By 90Min
September 24, 2019

Liverpool manager Jurgen Klopp has given fans an insight into his life when he was younger, revealing how all his experiences have helped shape him into the manager which he is today.

The German was named as The Best FIFA Men's Coach of the Year for his fantastic work with Liverpool, having led the Reds to Champions League glory last season.

Writing for The Players' Tribune, Klopp was quick to deflect the praise away from himself, and instead credit his family and his life experiences for helping to transform him into an award-winning manager.

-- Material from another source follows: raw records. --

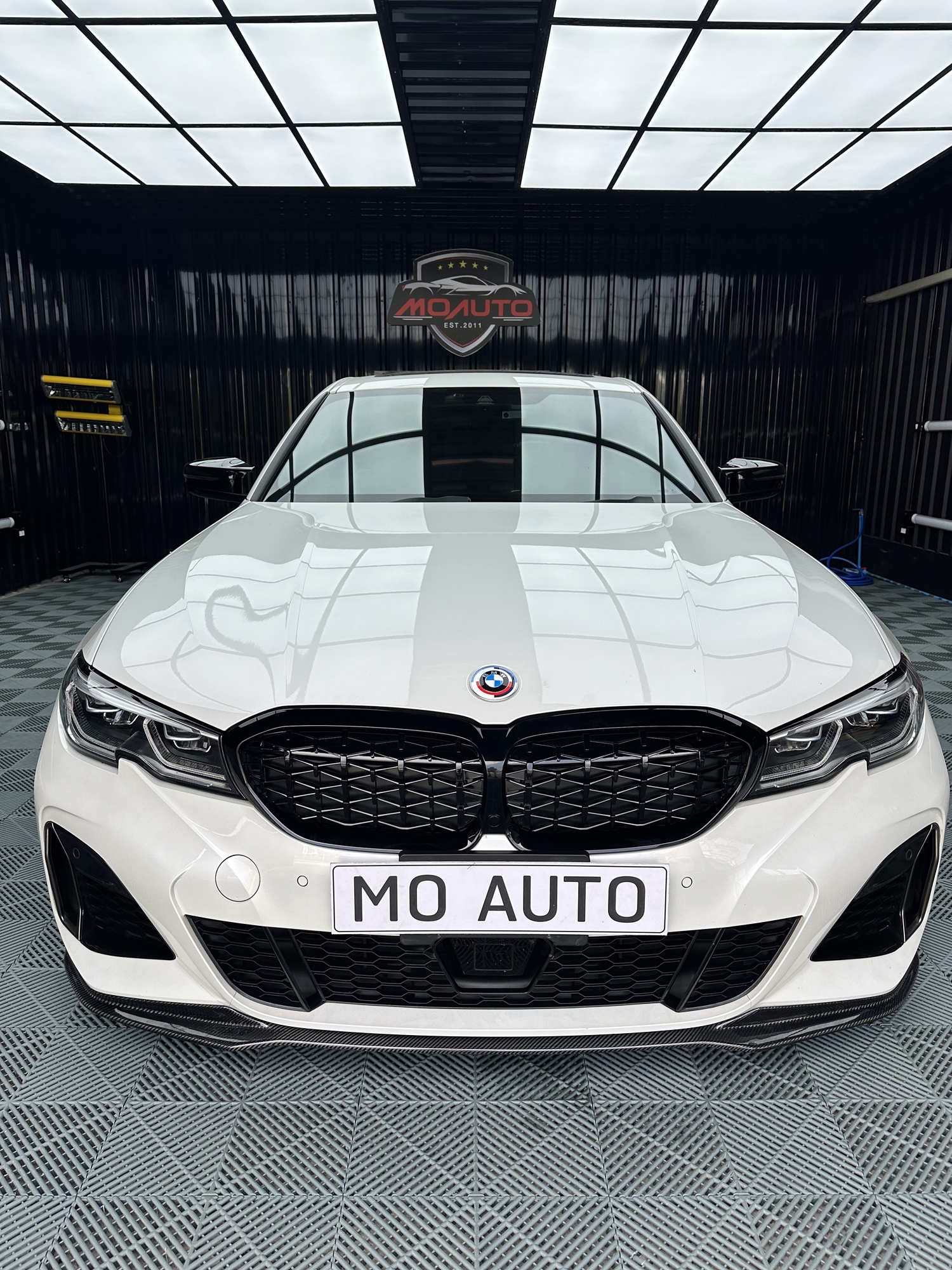 กระจังหน้าไดมอนกริว BMW G20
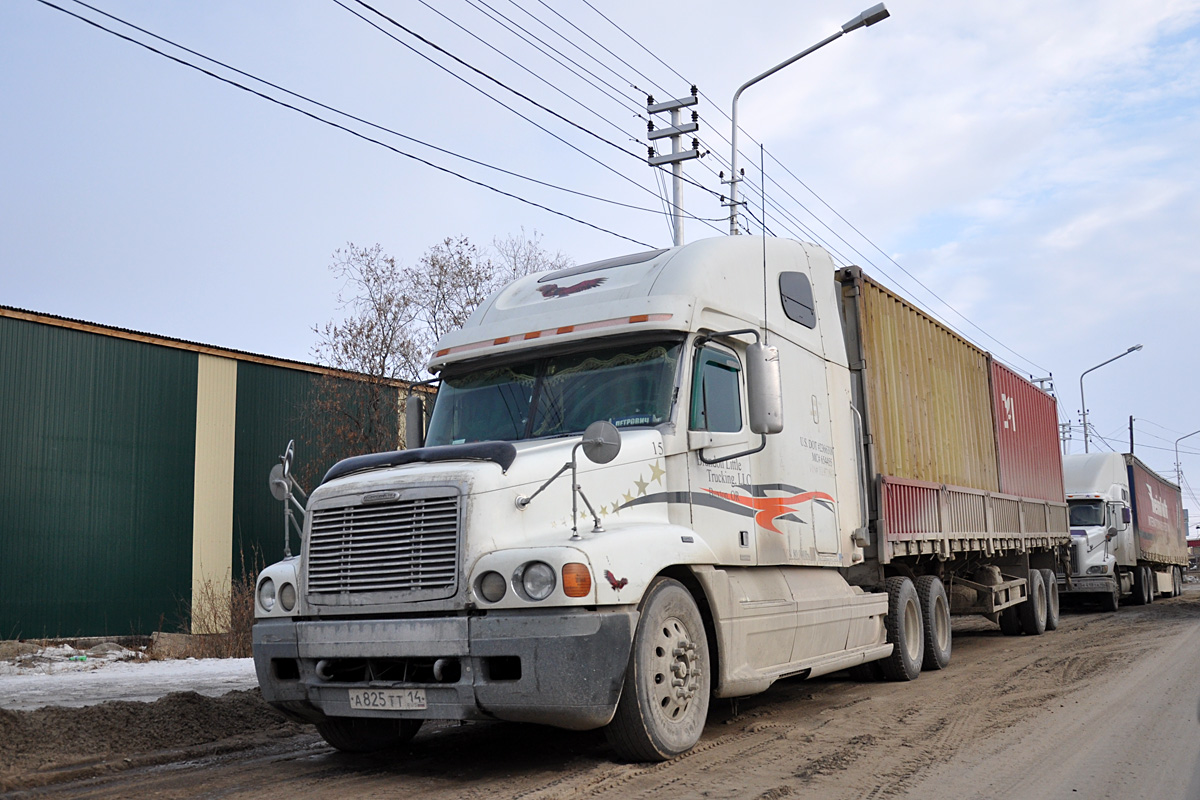 Саха (Якутия), № А 825 ТТ 14 — Freightliner Century Class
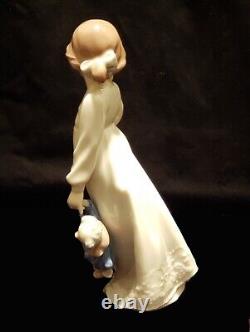 Lladro Nao Daisa My Rag Doll Girl with Clown Toy Porcelain Figurine #1108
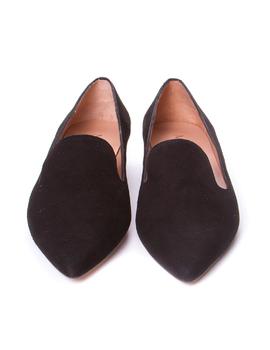 Zapato Miuxa copete perlas tacon ante negro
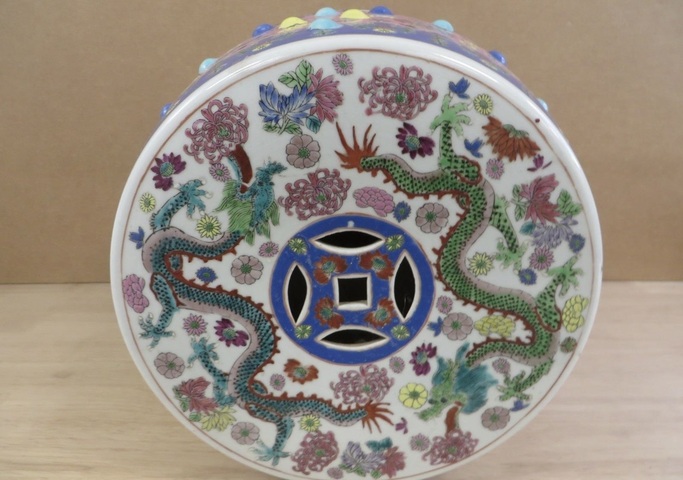 古玩陶瓷龍紋繡蹲真品鑒賞圖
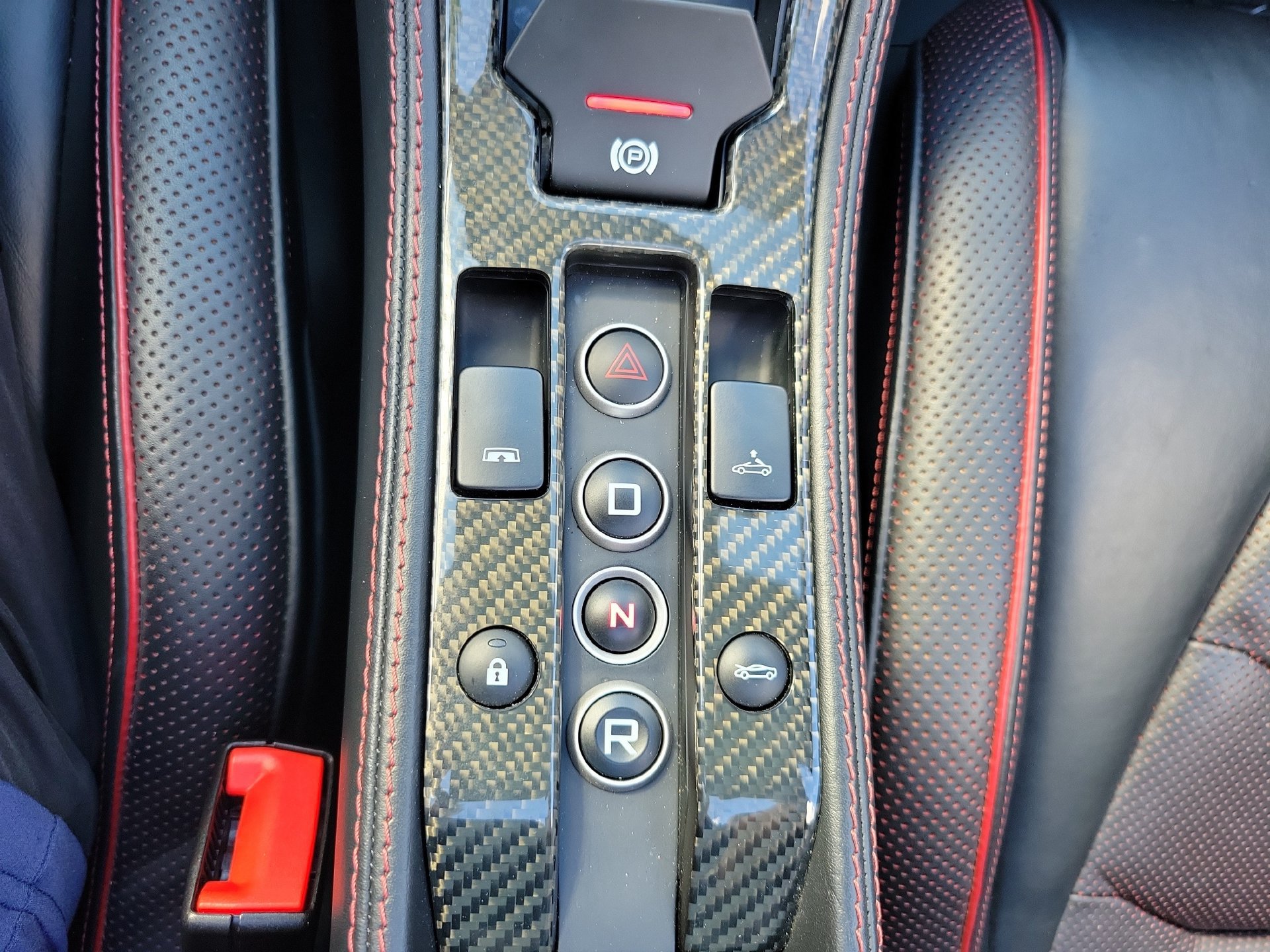 Used 2015 McLaren 650S Spider RWD image 33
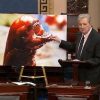 “I gamberi ti fanno diventare Alien”, l’allarme del senatore Kennedy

He said: "I am honoured to have won the FIFA award for best men’s coach last night, but I really don’t like to stand on a stage with a trophy all by myself. Everything I have accomplished in this game is only possible because of everyone around me. Not just my players, but my family and my sons and everyone who has been with me since the beginning, when I was a very, very average person.

"Honestly, when I was 20 years old, if someone came from the future to tell me everything that was going to happen in my life, I would not have believed it. When I was 20, I experienced the moment that completely changed my life. I was still a kid myself, but I had also just become a father. 

"It was not perfect timing, let’s be honest. I was playing amateur football and going to university during the day. To pay for school, I was working in a warehouse where they stored movies for the cinema. The trucks would come at 6am to pick up the new movies, and we would load and unload those huge metal canisters.

"I would sleep for five hours every night, go to the warehouse in the morning, and then go to class during the day. At night I would go to training, and then I’d come home and try to spend some time with my son. It was a very difficult time. But it taught me about real life.

"I had to become a very serious person at a young age. All my friends would be calling me to go to the pub at night, and every bone in my body wanted to say, 'Yes! Yes! I want to go!' But, of course, I couldn’t go, because I was not living just for myself anymore. Babies don’t care that you are tired and want to sleep until noon.

Catherine Ivill/GettyImages

"When you are worried about the future of another little person who you brought into the world, this is real worry. This is real difficulty. Whatever happens on a football pitch is nothing compared to this.

"Sometimes people ask me why I am always smiling. Even after we lose a match, sometimes I’m still smiling. It’s because when my son was born, I realised that football is not life or death. We’re not saving lives. Football is not something that should spread misery and hatred. Football should be about inspiration and joy, especially for children."